To determine whether two categorical variables are independent, using the data from a contingency table, we use a $χ^{2}$ test for independence. The hypotheses take the form

$H_{0} : Variable A and Variable B are independent$ .
$H_{a} : Variable A and Variable B are dependent$ .

We compare the observed frequencies with the frequencies that we expect if we assume that $H_{0}$ is correct. Large differences lead to the rejection of the null hypothesis.

Here, we are testing whether the variables age group and response are independent. Thus, the hypotheses are

$H_{0} : Variable Age group and response are independent$ .
$H_{a} : Variable Age group and response are dependent.$ .

$H_{0}$ states that a response to the survey question does not depend on the age group.

$H_{a}$ says that a response does depend on the age group.
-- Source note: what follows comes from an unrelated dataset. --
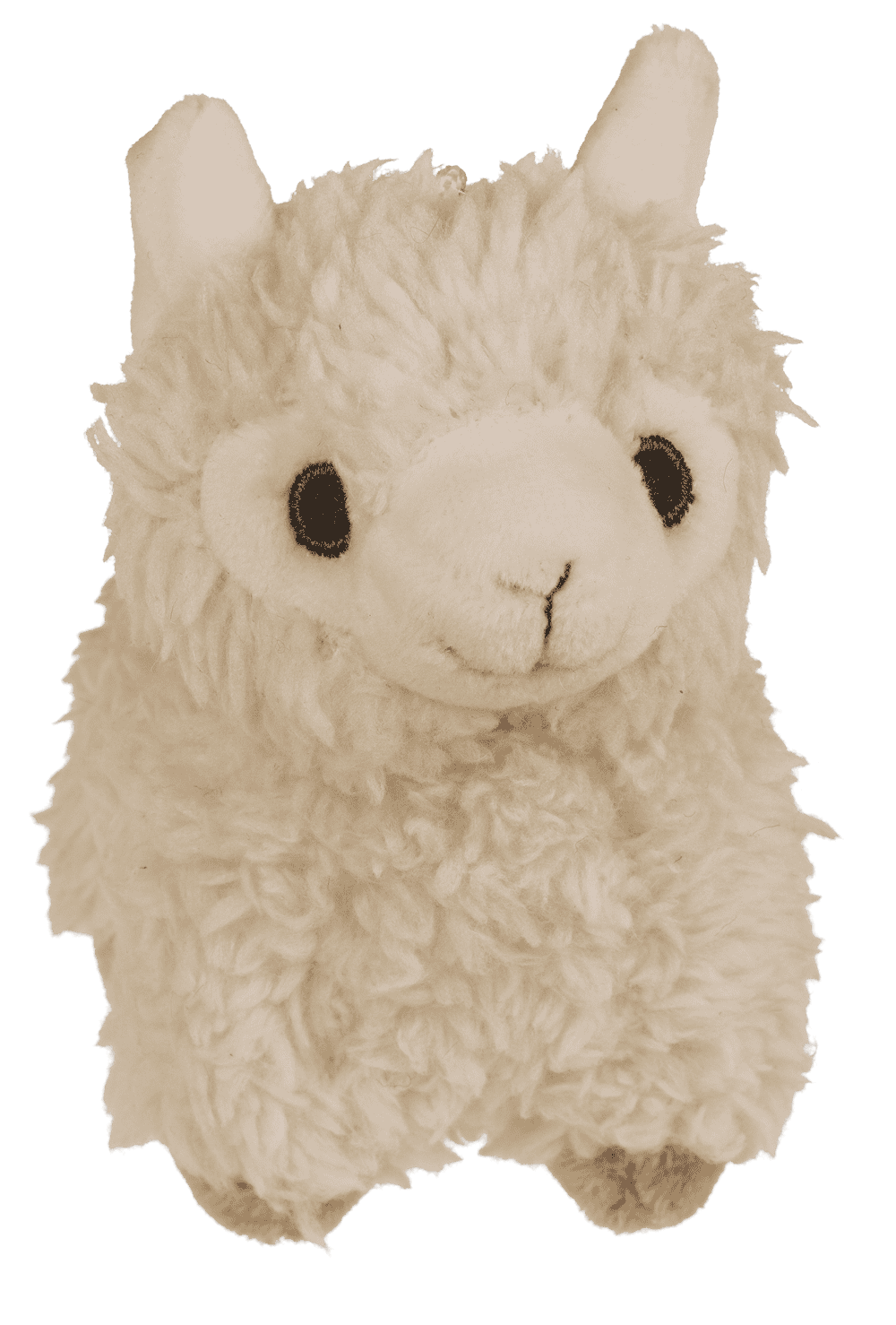 Metal keychain, Plush-Llama,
To calculate the expected frequencies, we begin by recalling the Multiplication Rule for Two Independent Events from Chapter 5 (page 277):

If $A$ and $B$ are any two independent events, $P (A and B) = P (A) P (B)$ .
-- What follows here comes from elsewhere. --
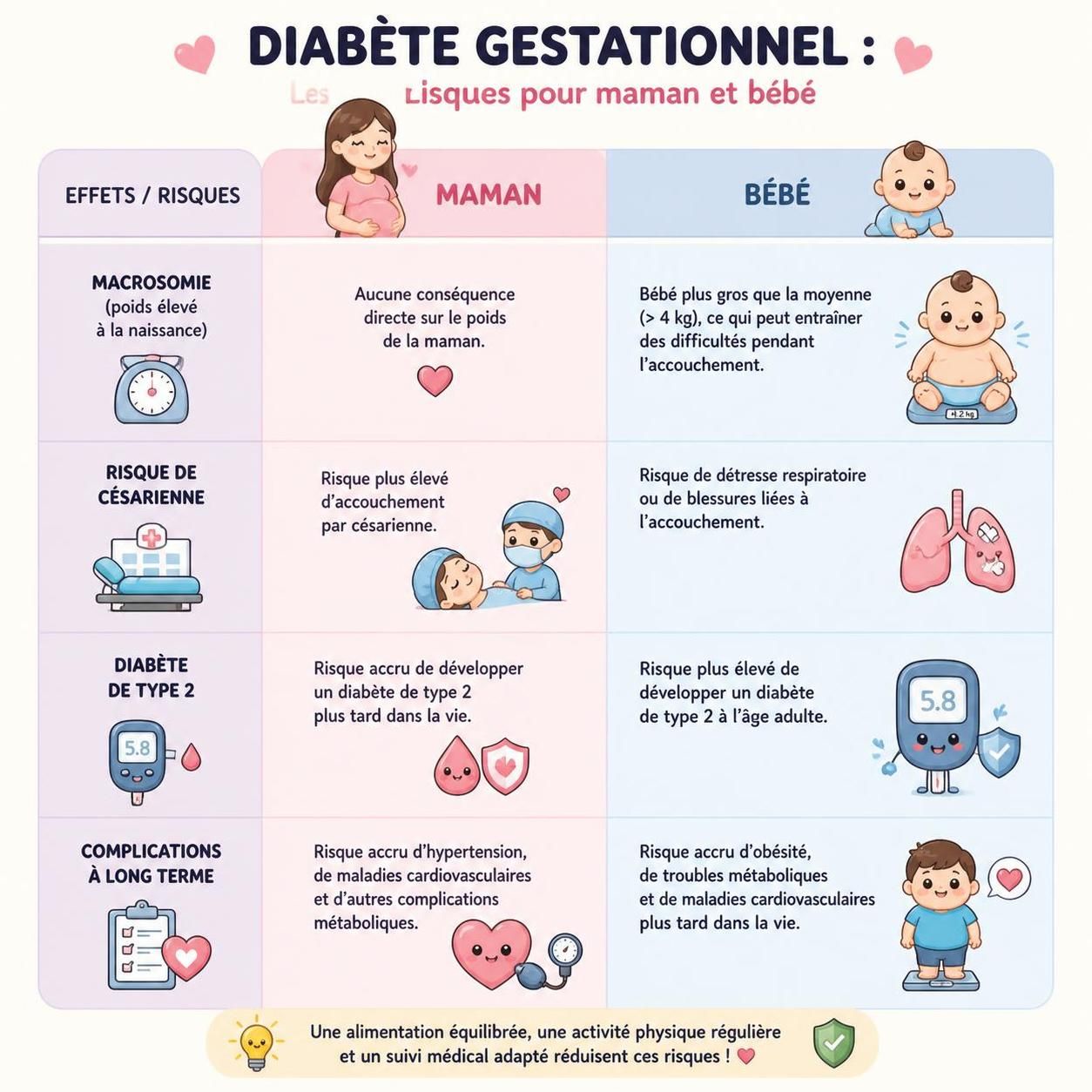 découvrez comment se déroule le dépistage du diabète gestationnel et apprenez à adapter votre alimentation pour assurer une grossesse saine et sécurisée.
To illustrate, let our events be defined as $A = age 18–25 group$ , and $B = reported “very happy.“$ Then, on the assumption that these events are independent, we have

$\begin{array}{l} P (Gen Nexter and very happy) & = & P (A and B) = P (A) P (B) = \frac{600}{1500} \cdot \frac{510}{1500} \\ = & 0.4 \cdot 0.34 = 0.136 \end{array}$

Thus, the probability that a randomly chosen young person is both a Gen Nexter and is very happy is 0.136. Then, to find the expected frequency of this cell (Gen Nexters who are very happy), we multiply this probability 0.136 by the total sample size $n = 1500$ , using the result from Section 11.1 that the expected frequency is

$E = expected frequency = n \cdot p = 1500 \cdot 0.136 = 204$

In other words, if the random variables age group and response are independent, then the expected frequency of Gen Nexters who report being very happy is

$expected {frequency}_{Gen Nexter and very happy} = 1500 \cdot \frac{600}{1500} \cdot \frac{510}{1500} = 204$

But note that two of the 1500s cancel, providing us with the shortcut

$expected {frequency}_{Gen Nexter and very happy} = \frac{(600) (510)}{1500} = 204$

Generalizing, this provides us with the following shortcut method for finding expected frequencies.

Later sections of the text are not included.